These days we’re so used to machine manufacturing that we can pluck a coat off the rack and not stop to think on the processes it took to get it there. But in 1811, the technological advancements brought about by the industrial revolution were viewed with open-mouthed wonder.
That year, having probably had a little too much wine, a wealthy Berkshire clothmaker by the name of John Coxeter boasted to Sir John Throckmorton at a dinner party that, thanks to his super-modern Greenham Mills in Newbury, “in 24 hours, I could take the coat off your back, reduce it to wool, and turn it back into a coat again”.
“Go on then”, replied the baronet. If Coxeter could make him a hunting coat from sheep to finished article between the hours of sunrise and sunset of 25 June 1811, he would reward the cloth maker with 1,000 guineas.
Rising early on the allotted day, Coxeter got straight down to work on a pair of bemused Southdown sheep. The European Magazine in 1817 wrote that “…the sheep were shorn, the wool spun, the yarn spooled, warped, loomed, and wove; the cloth burred, milled, rowed, dyed, dried, sheared, and pressed and put into the hands of the tailors by four o’clock that afternoon…”
The tailors, led by James White, hadn’t been idle that morning.
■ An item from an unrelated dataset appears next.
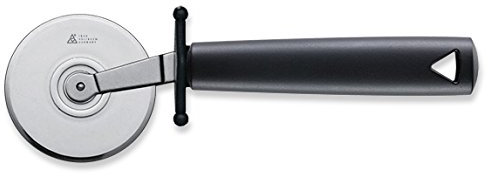 Triangle Pizzaschneider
The baronet’s measurements had already been taken, and as soon as they got the cloth, they knuckled down with needle and thread. At 6.20pm, the finished coat was placed on Throckmorton’s shoulders, who had possibly just bought the world’s most expensive coat. It had taken just 13 hours and 20 minutes.
The assembled throng of 5,000 spectators were delighted, and were happier still when the poor old sheep were roasted whole and served up to them with 120 gallons of strong beer paid for by the newly attired baronet.
The Throckmorton coat, or Newbury coat as it is sometimes called, was a wonderful example of Britain’s unsurpassed manufacturing genius, and was even exhibited at the International Exhibition of 1851.
For 180 years, the record stood until the feat was once more undertaken in Newbury in 1991, when an hour was shaved off. In 2011, on the 200th anniversary, another attempt was made to break the record, which failed by two hours.
You can see the original Throckmorton coat on display at the Throckmorton ancestral home of Coughton Court in Warwickshire.